Like Jones, Lewis says he believes that students can manage companies without leaving school; in 2001, he pushed to rescind a rule that prohibited students from starting businesses in their dorm rooms.
Outside Whoop’s conference room, a glass door—also covered in equations—reveals a room full of coders hunched over their laptops. Upstairs, the hardware room is empty, save for a board labeled with the Whoop logo. They’re not company products, just props from a party the office hosted over the summer.
Capodilupo can’t show off the product he dropped out three years ago to create; he has to keep it under wraps before the spring launch.
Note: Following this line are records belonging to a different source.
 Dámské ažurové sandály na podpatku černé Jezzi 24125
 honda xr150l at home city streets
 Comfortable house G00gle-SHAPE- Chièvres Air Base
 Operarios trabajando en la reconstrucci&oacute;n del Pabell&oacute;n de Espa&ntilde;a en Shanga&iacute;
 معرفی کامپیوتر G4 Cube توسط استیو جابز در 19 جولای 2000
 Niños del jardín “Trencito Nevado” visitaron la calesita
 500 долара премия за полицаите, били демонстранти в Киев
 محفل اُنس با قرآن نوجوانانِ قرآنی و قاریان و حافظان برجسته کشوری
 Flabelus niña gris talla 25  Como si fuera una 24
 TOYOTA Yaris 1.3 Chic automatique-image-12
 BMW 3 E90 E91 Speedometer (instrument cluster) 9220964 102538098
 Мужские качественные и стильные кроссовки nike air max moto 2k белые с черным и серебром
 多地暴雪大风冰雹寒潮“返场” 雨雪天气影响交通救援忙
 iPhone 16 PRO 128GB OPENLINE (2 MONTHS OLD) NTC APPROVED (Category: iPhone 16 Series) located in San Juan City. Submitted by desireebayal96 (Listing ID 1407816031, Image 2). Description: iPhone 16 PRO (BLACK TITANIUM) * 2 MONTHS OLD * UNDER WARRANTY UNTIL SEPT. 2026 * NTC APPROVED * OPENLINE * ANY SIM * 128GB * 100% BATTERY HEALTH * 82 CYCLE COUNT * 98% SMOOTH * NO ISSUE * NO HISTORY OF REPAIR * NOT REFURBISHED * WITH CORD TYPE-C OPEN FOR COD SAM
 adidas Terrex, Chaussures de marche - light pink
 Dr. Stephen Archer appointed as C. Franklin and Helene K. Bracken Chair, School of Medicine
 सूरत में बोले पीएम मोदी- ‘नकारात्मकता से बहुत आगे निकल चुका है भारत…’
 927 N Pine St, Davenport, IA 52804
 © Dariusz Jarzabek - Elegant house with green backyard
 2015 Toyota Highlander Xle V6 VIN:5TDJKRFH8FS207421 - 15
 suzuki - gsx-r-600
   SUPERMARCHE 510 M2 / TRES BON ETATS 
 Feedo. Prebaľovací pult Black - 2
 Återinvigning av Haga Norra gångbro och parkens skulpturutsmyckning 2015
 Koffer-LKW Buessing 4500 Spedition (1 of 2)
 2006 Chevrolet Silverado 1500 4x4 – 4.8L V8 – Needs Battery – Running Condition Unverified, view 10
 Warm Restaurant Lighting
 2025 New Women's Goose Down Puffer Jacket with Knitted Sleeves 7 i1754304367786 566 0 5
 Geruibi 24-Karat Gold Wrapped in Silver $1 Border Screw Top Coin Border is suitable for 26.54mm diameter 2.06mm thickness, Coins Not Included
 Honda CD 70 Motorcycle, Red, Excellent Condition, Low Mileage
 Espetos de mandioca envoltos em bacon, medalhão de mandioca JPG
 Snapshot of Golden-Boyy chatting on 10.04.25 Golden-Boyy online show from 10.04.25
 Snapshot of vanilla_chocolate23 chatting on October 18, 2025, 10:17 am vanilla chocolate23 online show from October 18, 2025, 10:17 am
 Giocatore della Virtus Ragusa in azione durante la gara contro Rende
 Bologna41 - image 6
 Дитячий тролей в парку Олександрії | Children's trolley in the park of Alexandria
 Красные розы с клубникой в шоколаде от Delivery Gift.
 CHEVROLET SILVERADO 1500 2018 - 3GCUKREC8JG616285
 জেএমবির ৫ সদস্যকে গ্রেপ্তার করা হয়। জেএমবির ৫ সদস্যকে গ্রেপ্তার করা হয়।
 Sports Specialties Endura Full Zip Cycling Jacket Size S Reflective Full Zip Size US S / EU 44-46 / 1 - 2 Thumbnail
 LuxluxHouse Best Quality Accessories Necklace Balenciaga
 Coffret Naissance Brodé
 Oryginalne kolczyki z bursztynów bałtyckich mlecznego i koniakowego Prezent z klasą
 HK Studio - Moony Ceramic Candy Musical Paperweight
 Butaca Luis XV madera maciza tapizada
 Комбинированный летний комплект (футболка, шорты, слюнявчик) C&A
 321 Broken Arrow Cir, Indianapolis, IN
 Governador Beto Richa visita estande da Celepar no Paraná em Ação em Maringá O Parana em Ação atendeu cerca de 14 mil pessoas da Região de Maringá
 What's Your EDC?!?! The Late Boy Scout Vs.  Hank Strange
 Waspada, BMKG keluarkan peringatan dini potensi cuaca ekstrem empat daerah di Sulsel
I can’t help but wonder whether he’s nervous—after so much time dedicated, an education halted. “The start-up world is a roller coaster,” Capodilupo says. “One week you’re on top of the world; the next week an investor pulls out.”
Knowing the unstable nature of the job, did Capodilupo see dropping out as a big risk? Not really. “It was just a total thing to do in the tech world at Harvard,” he says.
On the salted and ice-hardened streets of Boston, Harvard’s campus is just a T-ride away. It’s separated from the city only by a narrow river, only by an iron gate.
This article has been revised to reflect the following correction:
CORRECTION: February 20, 2015
A previous version of this article incorrectly stated that Aaron Neuman works with the team behind start-up project GIFYouTube. In fact, while he previously worked on the project, he is no longer involved.